Dia a dia

Rio Negro entra em vazante após alcançar cota de 27,19 metros

O fato é considerado comum para o período do ano, segundo afirmou o Serviço Geológico do Brasil (CPRM) - foto: Ione Moreno

O fato é considerado comum para o período do ano, segundo afirmou o Serviço Geológico do Brasil (CPRM) – foto: Ione Moreno

Após alcançar a cota máxima desse ano, de 27,19m, no último dia 15 de julho, contemplando a marca estipulada entre 26,97 e 27,57, o rio Negro segue agora com o processo de vazante em ritmo lento e sofre queda de em média 1 cm por dia. O fato é considerado comum para o período do ano, segundo afirmou o Serviço Geológico do Brasil (CPRM). Na calha principal do rio Solimões, as estações também se encontram em processo natural de vazante.

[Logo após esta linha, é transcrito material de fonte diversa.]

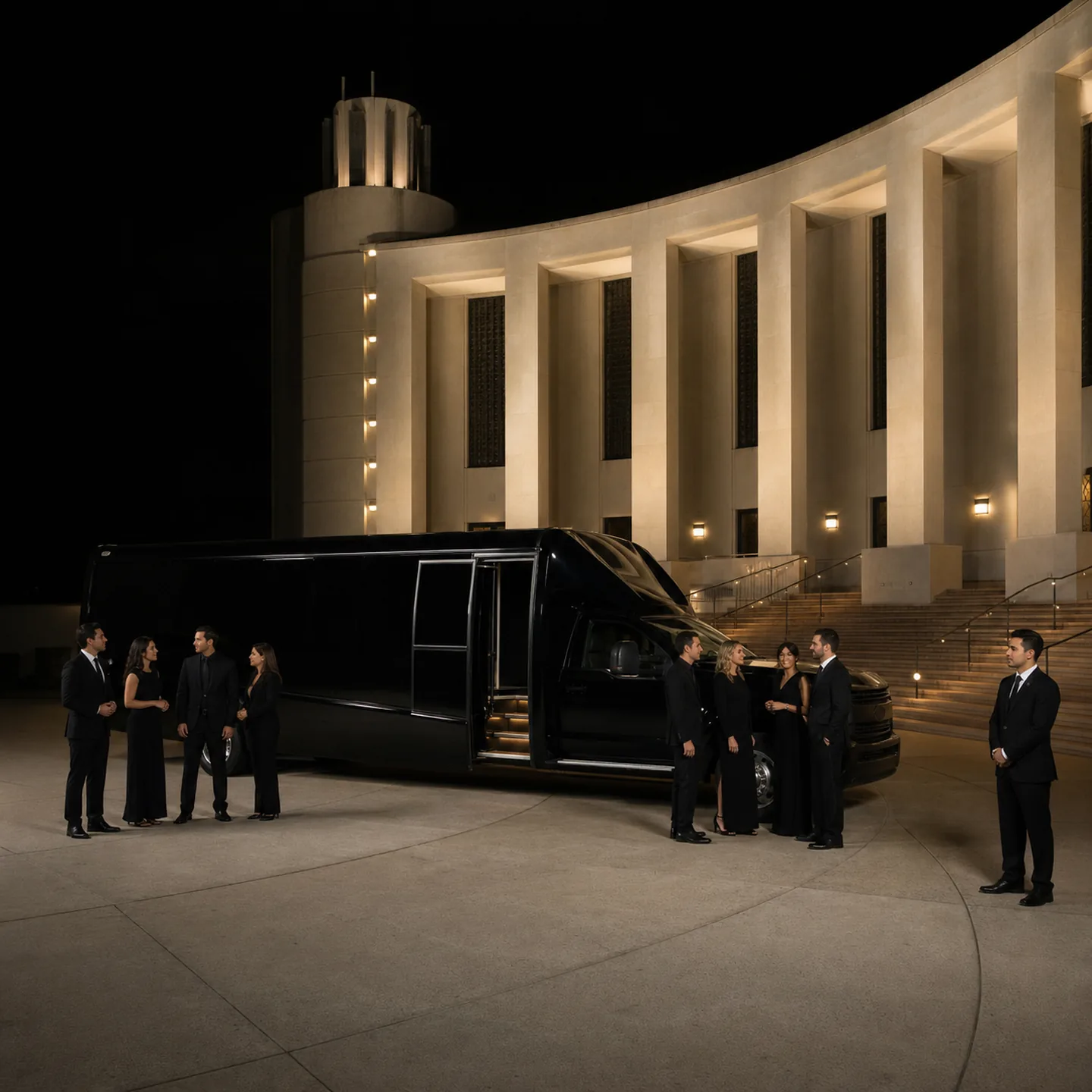 Eight travelers meet a chauffeur beside a black mini-coach at the Long Beach Terrace Theater plaza.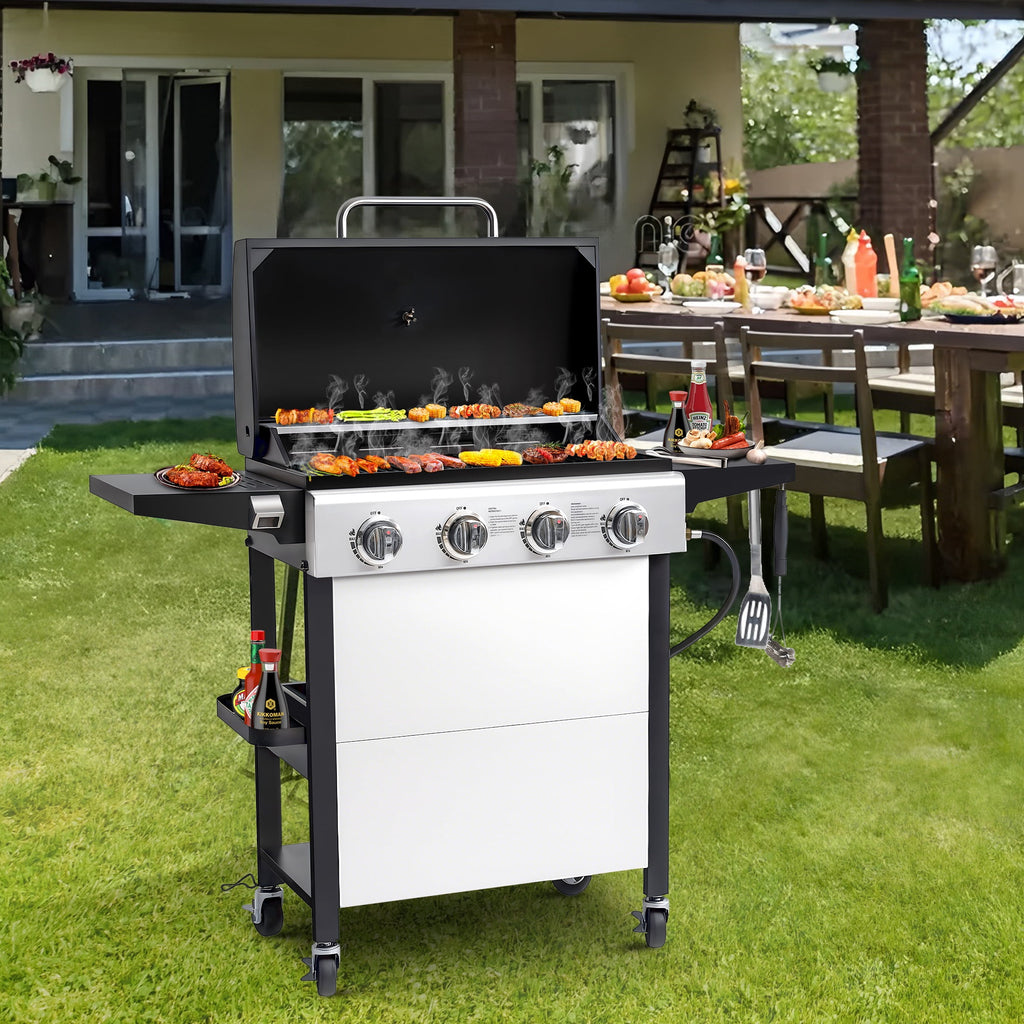 Segmart 3 Burner BBQ Propane Gas Grill, Stainless Steel 27,000 BTU Patio Garden Barbecue Grill with Side Tables, Hanging Basket & Thermometer, Perfect for Camping, Outdoor Cooking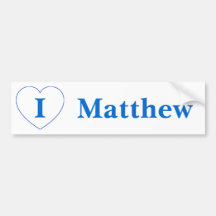 I Love Matthew Bumper Sticker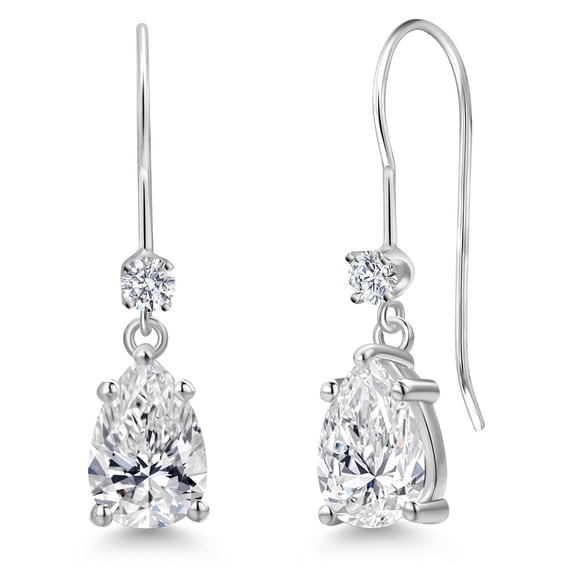 Gem Stone King 1.53 Cttw Lab Grown Diamond Dangle Earrings for Women | 14K White Gold | Pear Shape Center Diamond 0.70 Ct | IGI Certified | E-F Color | VS1-VS2 Clarity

Já na região do Alto do Rio Negro, a pesquisadora e engenheira ambiental do órgão, Luna Gripp Simões Alves, destaca que o rio continua em processo de enchente na estação de São Gabriel da Cachoeira. Conforme Luna, o dado mais recente de cota, de 11,03 m, registrado no dia 7 de julho, encontra-se a apenas 0,45 m da cota de inundação. A especialista ressaltou que a cota máxima observada nessa estação foi de 12,17 m, em 2002.

“Pode-se destacar a situação dos rios Purus e Juruá, que passam por um processo de vazante histórica. Diversos municípios localizados nas calhas desses rios já tiveram decretada situação de emergência pela Defesa Civil, devida ao baixo nível desses rios. Como exemplo, pode-se citar a estação de Boca do Acre, no rio Purus, na qual a cota atual encontra-se apenas 0,19 m acima da cota observada no mesmo período no ano de 1998, quando ocorreu a vazante histórica. Na estação do rio Acre localizada na capital Rio Branco-AC, a cota atual é 0,54 m mais baixa do que a observada no mesmo período em 2011, quando ocorreu a vazante histórica”, frisou.

Estágios

A Defesa Civil do Amazonas, explicou que, o Estado de Atenção é o primeiro estágio de um desastre, que pode evoluir para um Alerta e posteriormente para uma Situação de Emergência, e foi emitido para os municípios que compreendem as calhas do Purus (Boca do Acre, Canutama, Lábrea, Tapauá, Pauiní e Berurí) e do Juruá (Guajará, Juruá, Eirunepé, Itamarati, Ipixuna, Envira, Cararuari).

“Estamos realizando a orientação às prefeituras quanto à apresentação do plano de contingência”, informou o Secretário Executivo do órgão, coronel Fernando Pires Junior.

No entanto, órgão estadual salienta que, ainda que não há isolamento de comunidades, bem como desabastecimento de alimentos, danos humanos, materiais e econômicos nos municípios que integram as duas calhas, não cabendo, portanto, decretos de Situação de Emergência nessas cidades.